• [DIRECTIONS FOR THIS TASK]
Could you reproduce, from the records below, everything from the line with "Hallway with hardwood / wood-style flooring" down to the line with "bathroom with toilet, tile", keeping both of those lines and changing nothing?

• [SOURCE MATERIAL]
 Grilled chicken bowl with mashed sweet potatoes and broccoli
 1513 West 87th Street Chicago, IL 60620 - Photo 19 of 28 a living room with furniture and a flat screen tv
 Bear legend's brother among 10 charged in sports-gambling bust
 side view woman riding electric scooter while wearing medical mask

...

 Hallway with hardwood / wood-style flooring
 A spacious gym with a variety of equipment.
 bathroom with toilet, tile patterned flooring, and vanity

• [RESULT OF THIS EXERCISE]
 Hallway with hardwood / wood-style flooring
 A spacious gym with a variety of equipment.
 bathroom with toilet, tile patterned flooring, and vanity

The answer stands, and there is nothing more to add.